Stored items from a collection
▬▬▬▬▬▬

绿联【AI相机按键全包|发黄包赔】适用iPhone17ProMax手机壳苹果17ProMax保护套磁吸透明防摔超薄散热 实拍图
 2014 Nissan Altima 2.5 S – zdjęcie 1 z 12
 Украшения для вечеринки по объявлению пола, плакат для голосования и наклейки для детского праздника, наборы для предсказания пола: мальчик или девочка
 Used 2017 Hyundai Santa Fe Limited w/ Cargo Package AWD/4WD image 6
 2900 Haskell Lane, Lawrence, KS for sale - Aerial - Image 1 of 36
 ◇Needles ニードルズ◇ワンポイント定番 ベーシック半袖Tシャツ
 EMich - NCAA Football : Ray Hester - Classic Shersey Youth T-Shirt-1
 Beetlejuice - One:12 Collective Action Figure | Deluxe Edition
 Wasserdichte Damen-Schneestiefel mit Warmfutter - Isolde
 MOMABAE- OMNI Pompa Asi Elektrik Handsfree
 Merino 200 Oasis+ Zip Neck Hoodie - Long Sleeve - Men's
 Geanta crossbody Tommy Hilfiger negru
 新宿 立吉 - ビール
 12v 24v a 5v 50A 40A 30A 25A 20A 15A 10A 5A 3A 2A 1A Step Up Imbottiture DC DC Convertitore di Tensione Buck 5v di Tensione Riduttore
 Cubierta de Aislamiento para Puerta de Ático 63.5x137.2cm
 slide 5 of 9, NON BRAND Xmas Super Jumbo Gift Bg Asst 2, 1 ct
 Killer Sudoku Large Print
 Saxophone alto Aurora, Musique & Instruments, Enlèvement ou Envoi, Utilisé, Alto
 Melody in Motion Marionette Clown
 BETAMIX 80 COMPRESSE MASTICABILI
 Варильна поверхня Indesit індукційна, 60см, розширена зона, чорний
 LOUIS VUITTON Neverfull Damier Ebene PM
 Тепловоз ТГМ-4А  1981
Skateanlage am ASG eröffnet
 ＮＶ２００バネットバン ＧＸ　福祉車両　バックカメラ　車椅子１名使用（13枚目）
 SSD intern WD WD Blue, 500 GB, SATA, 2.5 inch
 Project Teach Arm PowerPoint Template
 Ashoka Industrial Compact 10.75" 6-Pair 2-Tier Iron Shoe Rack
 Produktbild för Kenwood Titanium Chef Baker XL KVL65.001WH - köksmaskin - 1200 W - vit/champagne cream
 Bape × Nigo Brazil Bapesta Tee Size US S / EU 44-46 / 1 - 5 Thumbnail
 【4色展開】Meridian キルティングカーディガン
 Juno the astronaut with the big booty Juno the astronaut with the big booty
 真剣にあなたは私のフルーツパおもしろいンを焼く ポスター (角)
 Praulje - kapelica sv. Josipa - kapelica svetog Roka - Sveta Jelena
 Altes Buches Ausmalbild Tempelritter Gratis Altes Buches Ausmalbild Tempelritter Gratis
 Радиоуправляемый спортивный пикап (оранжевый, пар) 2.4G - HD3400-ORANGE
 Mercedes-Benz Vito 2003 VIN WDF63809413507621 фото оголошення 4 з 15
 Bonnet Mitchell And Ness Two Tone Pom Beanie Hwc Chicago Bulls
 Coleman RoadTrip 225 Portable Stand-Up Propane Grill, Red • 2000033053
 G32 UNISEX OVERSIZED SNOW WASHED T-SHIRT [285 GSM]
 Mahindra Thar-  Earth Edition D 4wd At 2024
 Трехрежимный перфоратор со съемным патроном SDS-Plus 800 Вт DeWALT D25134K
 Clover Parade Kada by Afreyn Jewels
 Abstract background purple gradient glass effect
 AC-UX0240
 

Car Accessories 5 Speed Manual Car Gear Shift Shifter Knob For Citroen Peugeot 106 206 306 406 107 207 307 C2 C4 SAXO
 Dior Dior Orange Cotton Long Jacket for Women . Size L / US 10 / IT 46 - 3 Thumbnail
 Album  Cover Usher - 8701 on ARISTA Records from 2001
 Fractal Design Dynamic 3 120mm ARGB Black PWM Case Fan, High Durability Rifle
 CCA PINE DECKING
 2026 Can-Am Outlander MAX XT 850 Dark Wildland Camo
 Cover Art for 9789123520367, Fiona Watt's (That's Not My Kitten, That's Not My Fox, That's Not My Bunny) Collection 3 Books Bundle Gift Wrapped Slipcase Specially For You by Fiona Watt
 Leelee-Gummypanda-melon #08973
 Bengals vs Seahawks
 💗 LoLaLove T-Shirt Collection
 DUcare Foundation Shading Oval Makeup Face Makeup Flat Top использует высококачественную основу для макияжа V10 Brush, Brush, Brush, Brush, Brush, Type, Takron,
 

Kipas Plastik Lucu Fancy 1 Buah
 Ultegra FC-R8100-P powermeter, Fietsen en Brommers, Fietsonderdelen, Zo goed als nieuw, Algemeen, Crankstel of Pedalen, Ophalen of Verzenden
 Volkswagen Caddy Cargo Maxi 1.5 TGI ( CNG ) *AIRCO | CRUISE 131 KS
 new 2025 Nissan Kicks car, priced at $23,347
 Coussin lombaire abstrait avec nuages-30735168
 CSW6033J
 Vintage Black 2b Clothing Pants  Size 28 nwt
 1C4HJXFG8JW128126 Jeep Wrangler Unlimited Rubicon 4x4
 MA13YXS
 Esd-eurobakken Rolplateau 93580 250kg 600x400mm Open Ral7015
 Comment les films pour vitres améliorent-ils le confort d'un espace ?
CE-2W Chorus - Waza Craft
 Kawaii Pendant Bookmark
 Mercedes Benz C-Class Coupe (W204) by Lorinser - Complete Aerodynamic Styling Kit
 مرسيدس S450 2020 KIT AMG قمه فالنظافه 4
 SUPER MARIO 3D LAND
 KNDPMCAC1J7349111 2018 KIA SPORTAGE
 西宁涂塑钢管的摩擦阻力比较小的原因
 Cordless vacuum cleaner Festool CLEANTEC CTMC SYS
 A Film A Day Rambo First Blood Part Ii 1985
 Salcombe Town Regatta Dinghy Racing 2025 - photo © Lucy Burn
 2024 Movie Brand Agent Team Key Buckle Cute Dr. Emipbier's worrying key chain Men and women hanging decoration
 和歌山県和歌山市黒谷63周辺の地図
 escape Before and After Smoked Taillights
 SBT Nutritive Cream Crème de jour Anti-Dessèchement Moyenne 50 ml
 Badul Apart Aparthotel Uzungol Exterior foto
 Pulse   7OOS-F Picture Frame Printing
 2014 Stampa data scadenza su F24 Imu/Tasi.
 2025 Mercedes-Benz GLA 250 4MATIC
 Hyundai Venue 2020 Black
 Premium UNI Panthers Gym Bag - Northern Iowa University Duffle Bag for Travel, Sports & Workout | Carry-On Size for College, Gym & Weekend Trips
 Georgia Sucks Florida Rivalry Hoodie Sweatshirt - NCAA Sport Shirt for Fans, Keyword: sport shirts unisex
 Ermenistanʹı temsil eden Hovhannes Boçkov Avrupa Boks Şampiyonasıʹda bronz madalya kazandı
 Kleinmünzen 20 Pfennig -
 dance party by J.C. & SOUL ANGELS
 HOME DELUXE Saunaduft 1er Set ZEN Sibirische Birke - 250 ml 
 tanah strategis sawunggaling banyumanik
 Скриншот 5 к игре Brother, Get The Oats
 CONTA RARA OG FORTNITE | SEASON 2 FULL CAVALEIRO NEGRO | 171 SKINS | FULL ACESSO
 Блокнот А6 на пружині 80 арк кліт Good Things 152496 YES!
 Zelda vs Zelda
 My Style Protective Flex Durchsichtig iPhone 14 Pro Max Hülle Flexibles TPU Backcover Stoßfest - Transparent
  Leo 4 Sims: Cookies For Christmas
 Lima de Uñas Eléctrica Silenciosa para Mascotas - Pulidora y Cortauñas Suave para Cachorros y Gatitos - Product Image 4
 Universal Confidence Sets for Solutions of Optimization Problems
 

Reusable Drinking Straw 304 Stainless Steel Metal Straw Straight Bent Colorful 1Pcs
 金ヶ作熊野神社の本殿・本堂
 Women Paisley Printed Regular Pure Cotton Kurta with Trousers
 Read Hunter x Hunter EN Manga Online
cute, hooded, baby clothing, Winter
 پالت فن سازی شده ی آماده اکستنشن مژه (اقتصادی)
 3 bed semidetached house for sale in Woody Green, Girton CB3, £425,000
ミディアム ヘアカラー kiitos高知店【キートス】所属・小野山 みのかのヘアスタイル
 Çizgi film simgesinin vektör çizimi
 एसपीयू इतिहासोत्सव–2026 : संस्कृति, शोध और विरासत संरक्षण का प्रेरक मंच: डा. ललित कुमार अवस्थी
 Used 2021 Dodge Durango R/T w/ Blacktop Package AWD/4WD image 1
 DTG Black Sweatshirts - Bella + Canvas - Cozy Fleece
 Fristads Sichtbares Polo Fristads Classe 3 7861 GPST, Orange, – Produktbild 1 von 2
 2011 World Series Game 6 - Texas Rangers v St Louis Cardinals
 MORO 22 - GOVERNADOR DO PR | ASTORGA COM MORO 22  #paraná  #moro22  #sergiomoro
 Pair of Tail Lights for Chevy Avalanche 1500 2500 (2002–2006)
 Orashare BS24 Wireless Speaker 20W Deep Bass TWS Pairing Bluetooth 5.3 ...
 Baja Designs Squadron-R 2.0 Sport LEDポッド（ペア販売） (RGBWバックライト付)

▬▬▬▬▬▬

Give back the entries above exactly as they are, from their first line through the line that contains "12v 24v a 5v", both included, with nothing else.

绿联【AI相机按键全包|发黄包赔】适用iPhone17ProMax手机壳苹果17ProMax保护套磁吸透明防摔超薄散热 实拍图
 2014 Nissan Altima 2.5 S – zdjęcie 1 z 12
 Украшения для вечеринки по объявлению пола, плакат для голосования и наклейки для детского праздника, наборы для предсказания пола: мальчик или девочка
 Used 2017 Hyundai Santa Fe Limited w/ Cargo Package AWD/4WD image 6
 2900 Haskell Lane, Lawrence, KS for sale - Aerial - Image 1 of 36
 ◇Needles ニードルズ◇ワンポイント定番 ベーシック半袖Tシャツ
 EMich - NCAA Football : Ray Hester - Classic Shersey Youth T-Shirt-1
 Beetlejuice - One:12 Collective Action Figure | Deluxe Edition
 Wasserdichte Damen-Schneestiefel mit Warmfutter - Isolde
 MOMABAE- OMNI Pompa Asi Elektrik Handsfree
 Merino 200 Oasis+ Zip Neck Hoodie - Long Sleeve - Men's
 Geanta crossbody Tommy Hilfiger negru
 新宿 立吉 - ビール
 12v 24v a 5v 50A 40A 30A 25A 20A 15A 10A 5A 3A 2A 1A Step Up Imbottiture DC DC Convertitore di Tensione Buck 5v di Tensione Riduttore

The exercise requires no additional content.